La Corte Costituzionale riapre la battaglia per la stabilizzazione dei precari

Scuola In più di 100 mila attendono il parere della corte di giustizia Ue

Pubblicato più di 11 anni faEdizione del 20 luglio 2013

C’è una guerra silenziosa che si svolge dietro i banchi di scuola. È quella che contrappone lo Stato italiano e i precari «storici», oltre 100 mila persone tra docenti e bidelli che ogni 31 agosto sperano di essere ripescati dalle graduatorie per avere un contratto a tempo determinato di un anno o, in alternativa, uno «spezzone» di cattedra che duri qualche mese. È la battaglia per il diritto ad avere un reddito stabile da parte dei «precari» contro il risparmio sul costo del lavoro attraverso la spending review, il blocco del turn-over e il sogno neoliberista di uno «Stato minimo» inseguito sin dalla fine degli anni Novanta.
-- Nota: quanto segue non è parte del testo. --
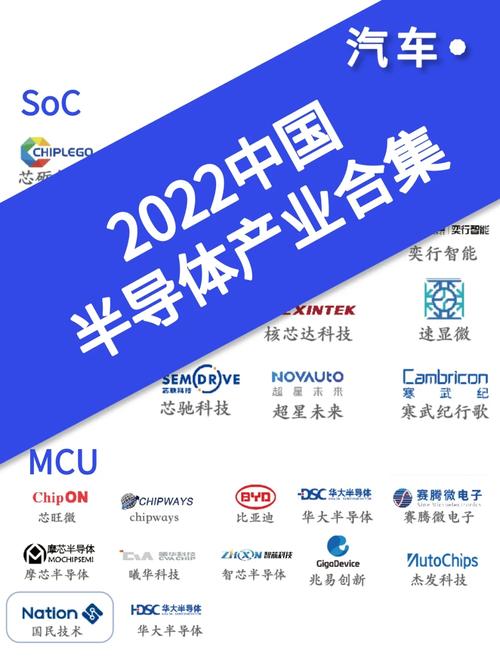 【行业立异简报】艾为电子自立研发的芯片成功量产_产物_芯片 【行业立异简报】艾为电子自立研发的芯片成功量产_产物_芯片 互联网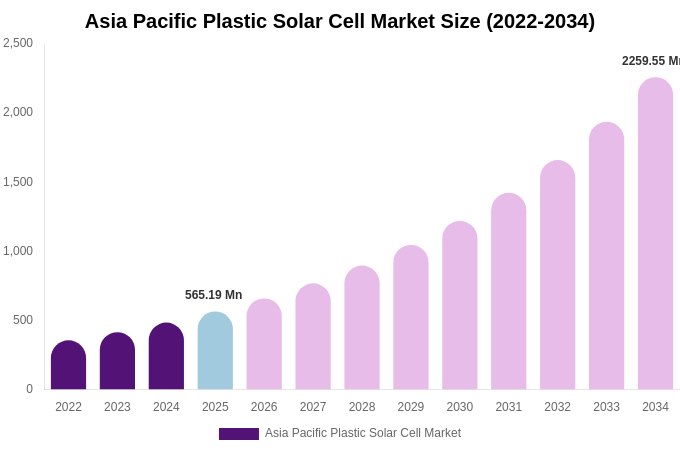 Asia Pacific Plastic Solar Cell Market Size Report By 2034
L’ordinanza 207 della Corte Costituzionale, depositata giovedì 18 luglio, riporta le cifre della guerra in corso: nel 2007 i precari plurititolati, con alle spalle anche più di un concorso, sospesi tra la disoccupazione e un posto a termine, erano 233.886. Nel 2012 erano già diminuiti a 125.934. Nel prossimo triennio saranno ancora di meno. La causa principale di questa decimazione sono i tagli da 8,5 miliardi di euro alla scuola dal 2008 daTremonti e Gelmini. E poi ci sono anche gli effetti della riforma Fornero delle pensioni che, come alla fine ha ammesso anche il ministro dell’Istruzione Maria Chiara Carrozza in un’intervista a Repubblica Tv due giorni fa, dimezza le assunzioni dei docenti e del personale Ata stabilite dalla Gelmini con un piano triennale nel 2011.
Duplice sarà il risultato: da un lato, la riforma costringerà il personale in età da pensione a restare in servizio. Dall’altro lato, prolungherà di decenni una delle anomalie della pubblica amministrazione italiana: le graduatorie con migliaia di docenti che vantano un diritto all’assunzione rifiutato dallo Stato per motivi economici, contravvenendo sia al dettato costituzionale che alla direttiva europea numero 70 del 1999 che proibisce la reiterazione dei contratti a termine oltre 36 mesi da parte dello Stato. Un’abitudine che conviene anche al governo Letta. Nel Dl lavoro in attesa di conversione al Senato si contravviene alla stessa direttiva sull’«acausalità» dei contratti a termine. Questo significa che la situazione dei precari della scuola riguarderà presto tutti i precari italiani.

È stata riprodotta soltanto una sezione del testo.